Die Glocke ,
19.11.2005 :
(Sassenberg ) Autorenlesung mit Gudrun Pausewang / Eindringliche Mahnung aus persönlicher Erfahrung
Sassenberg (dor) Nie wieder Krieg, Elend in Südamerika, Nationalsozialismus und Rechtsradikalismus - das sind die vier Themenschwerpunkte, die die Schriftstellerin Gudrun Pausenwang in ihren Büchern für Erwachsene behandelt.
Am Freitagvormittag war Gudrun Pausenwang zu Gast im Pfarrheim. Dort las sie Zehntklässlern der Hauptschule aus ihrem Buch "Ich war dabei! - Geschichten gegen das Vergessen" vor. Auch in diesem Buch geht es hauptsächlich um ihre Kriegserlebnisse. Einige Kurzgeschichten daraus stellte sie ihren jungen Zuhörerinnen und Zuhörern von der Hauptschule im Herxfeld vor. Ihre schriftlich niedergelegten Beobachtungen riefen die Schrecken der damaligen Zeit eindrucksvoll vor Augen.
In "Er war noch warm" wurde die Judenverfolgung thematisiert. Die Geschichte handelt von der kalten Gleichgültigkeit der nichtjüdischen Nachbarn, die alles stehen und liegen lassen, um dem Schauspiel beizuwohnen, das sich ihnen bietet, als die Familie Birnbaum von den Nazi-Schergen abgeholt wird. Nachbarn, die darüber lachen, als der halbblinde Großvater Widerstand leistet. Deren Lachen auch dann nicht gefriert, als der Hund sich den Hut des Großvaters schnappt und die Brille auf die Straße fällt. Die sich nicht zu fein dazu sind, Minuten danach alles aus der Wohnung zu holen, was nicht niet- und nagelfest ist. Ohne Unrechtsempfinden, ohne Pietät oder irgendeine menschliche Regung - außer der Freude über den unverhofften "Zugewinn".

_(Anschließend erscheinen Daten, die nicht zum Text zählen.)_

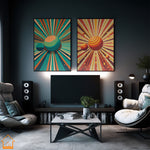 70s style Sunburst PRINTABLE WALL ART, 4 Unique Retro Design Prints, Midcentury Wall Decor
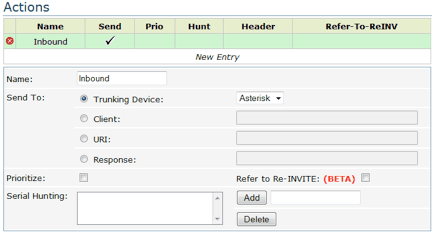 EdgeMarc settings for inbound trunking with options for device, client, URI, and response.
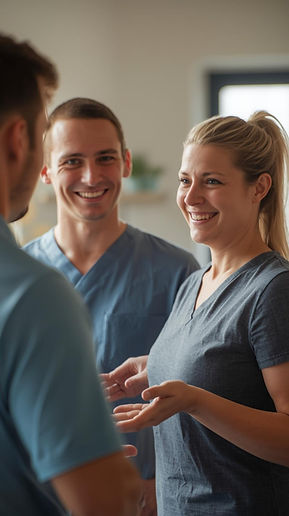 Create an photo realistic image of two fysiotherapists_Left a man, in his mid 40's, short 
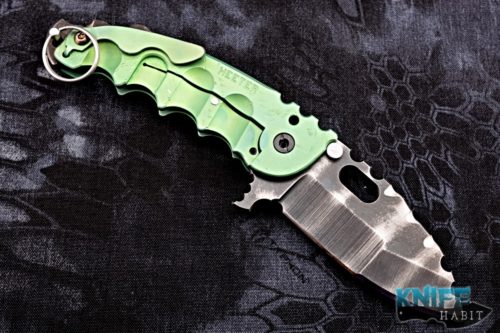 custom todd heeter m-o-w man-o-war knife, lime green titanium, acid washed 3v blade steel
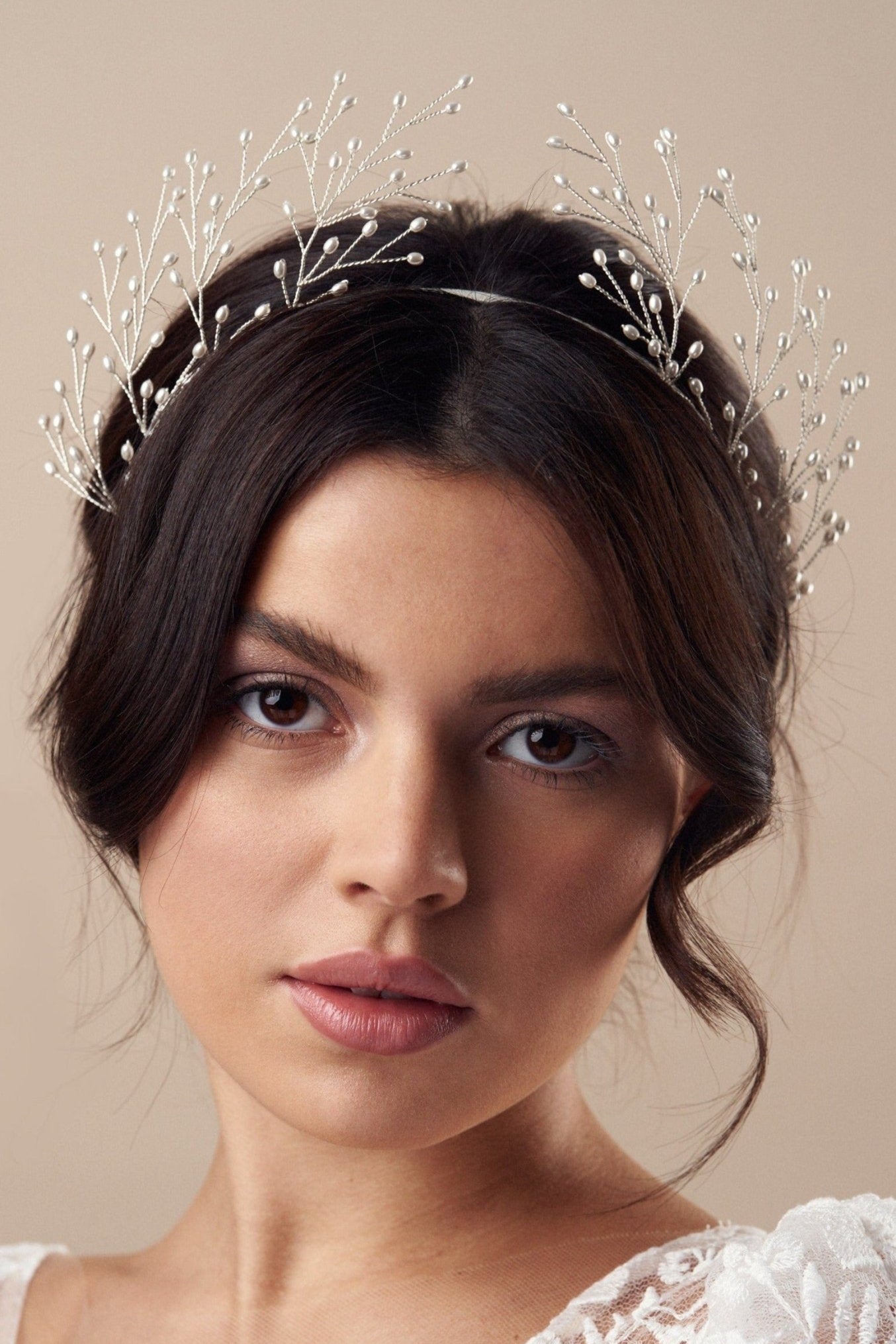 Delicate pearl crown for a woodland bride - Maeve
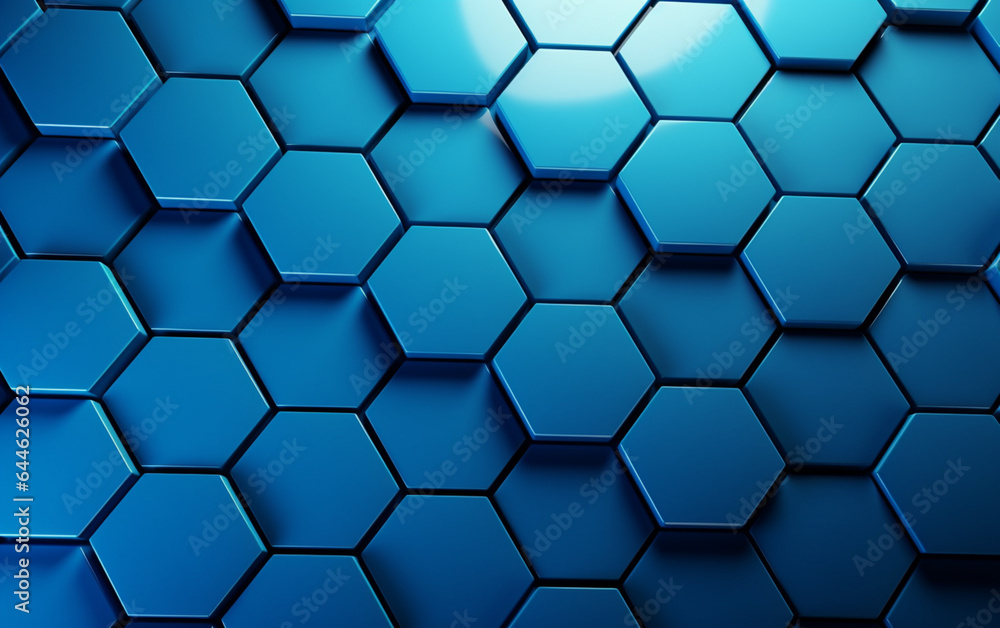 Blue hexagon pattern.3d rendering Blue hexagon pattern.3d rendering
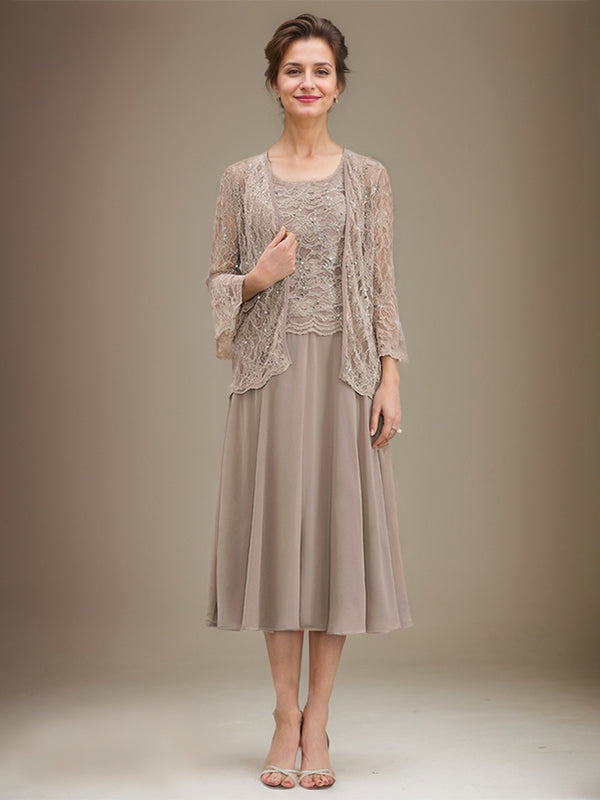 Vestido de gasa con encaje y lentejuelas para madre de la novia, corte A, escote redondo y largo hasta la rodilla 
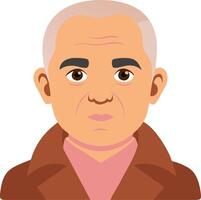 Elderly Man Cartoon Character Illustration for Avatar Profile and Design Projects vector
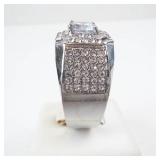 CZ & Rhinestone Silver Tone Cocktail Ring - Size 13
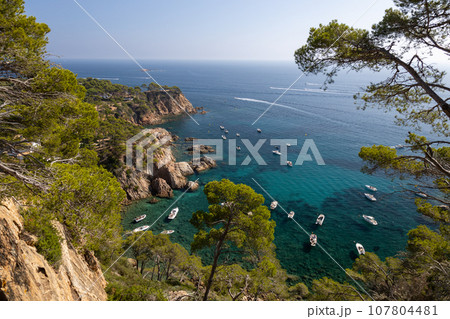 View of cove in Palamos, Costa Brava, Girona. Spain 107804481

Gespannt lauschten die Schüler den Worten der 1928 in Ost-Böhmen geborenen Schriftstellerin. Ebenso konzentriert verfolgten sie die Einführung, in der Gudrun Pausenwang über ihr bisheriges Leben berichtete. So erzählte sie, wie die jüngere Generation von Schule, Eltern, Kinder- und Jugendorganisationen systematisch zu Nazis erzogen wurde. Sie war, ebenso wie ihre Eltern eine leidenschaftliche Anhängerin Hitlers und des Nationalsozialismus, gibt die ältere Dame ohne Umschweife zu. Als sie die Nachricht vom Tode Hitlers traf, "weinte ich mir die Augen aus dem Leib. Ich konnte mir eine Welt ohne ihn gar nicht vorstellen." Erst später habe sie erkannt, wie die Nazis den Idealismus der Jugend für ihre Zwecke benutzt und missbraucht hatten.
"Wir glauben alle, wir kennen uns", so die Schriftstellerin, deren Gesamtwerk 81 Bücher für Erwachsene, Kinder und Jugendliche umfasst. Das sei ein gefährlicher Trugschluss. "Wir wissen alle nicht, wozu wir unter bestimmten Voraussetzungen fähig wären, im Guten wie im Bösen", mahnte Pausenwang, die als Lehrerin lange Jahre in verschiedenen Ländern Südamerikas gelebt und gearbeitet hat, die Jugendlichen, sich niemals in Sicherheit über die eigene Person zu wiegen.